DATA SHOWN —
:::::

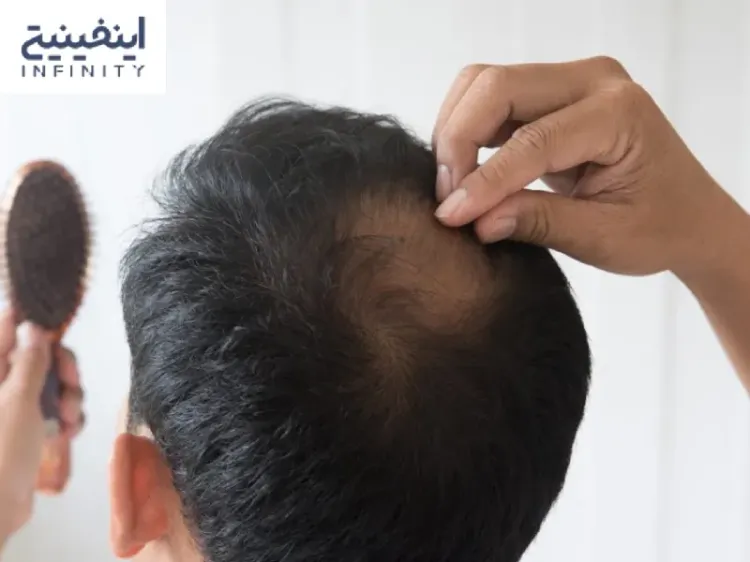 آیا درمان قطعی برای ریزش مو سکهای(آلوپسی آرهآتا) وجود دارد؟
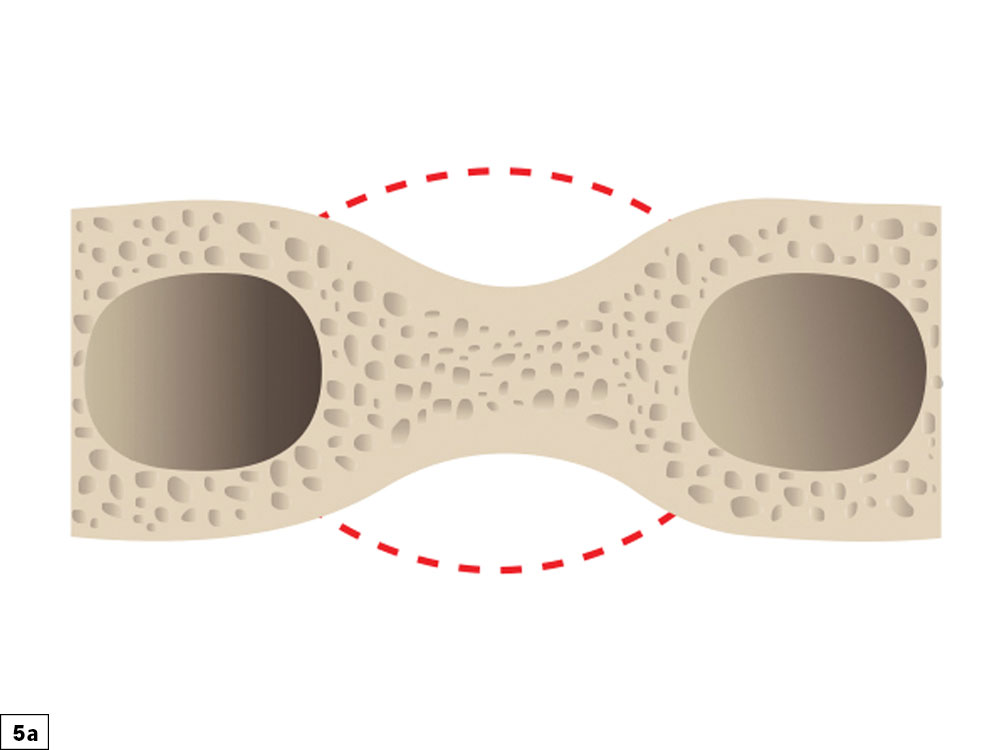 Buccal-lingual bony defect illuatration: An hourglass type of ridge morphology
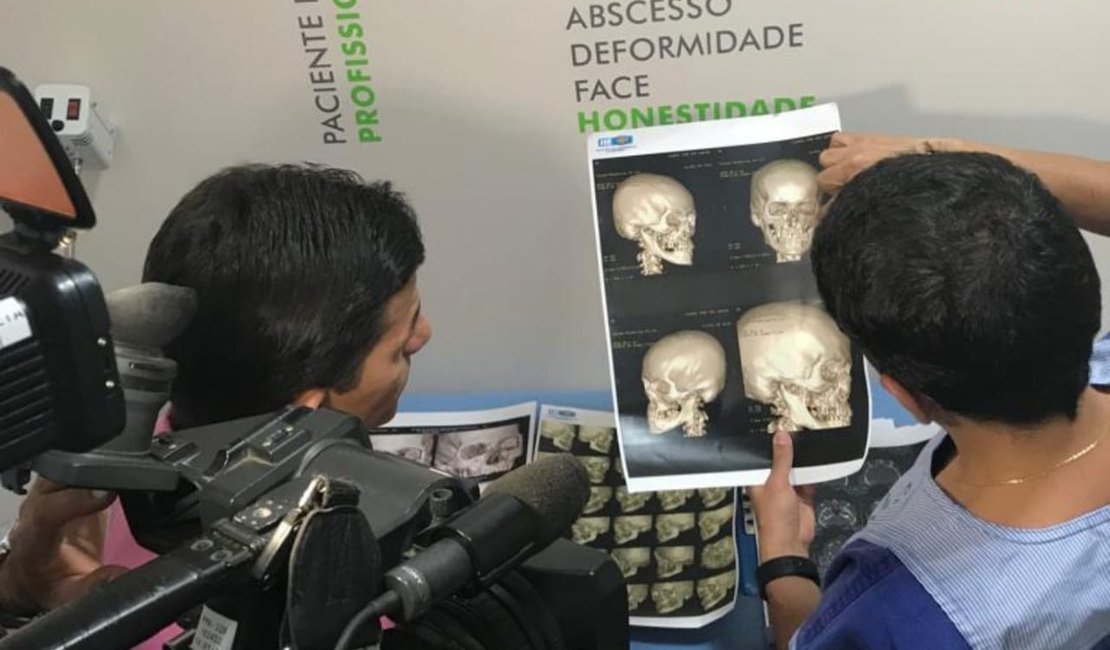 Hospital de Arapiraca é o primeiro do Brasil em cirurgias de face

:::::

ACTION ITEM — A word-for-word retyping of the material above is expected, without pictures.

EXERCISE OUTPUT —
 آیا درمان قطعی برای ریزش مو سکهای(آلوپسی آرهآتا) وجود دارد؟
 Buccal-lingual bony defect illuatration: An hourglass type of ridge morphology
 Hospital de Arapiraca é o primeiro do Brasil em cirurgias de face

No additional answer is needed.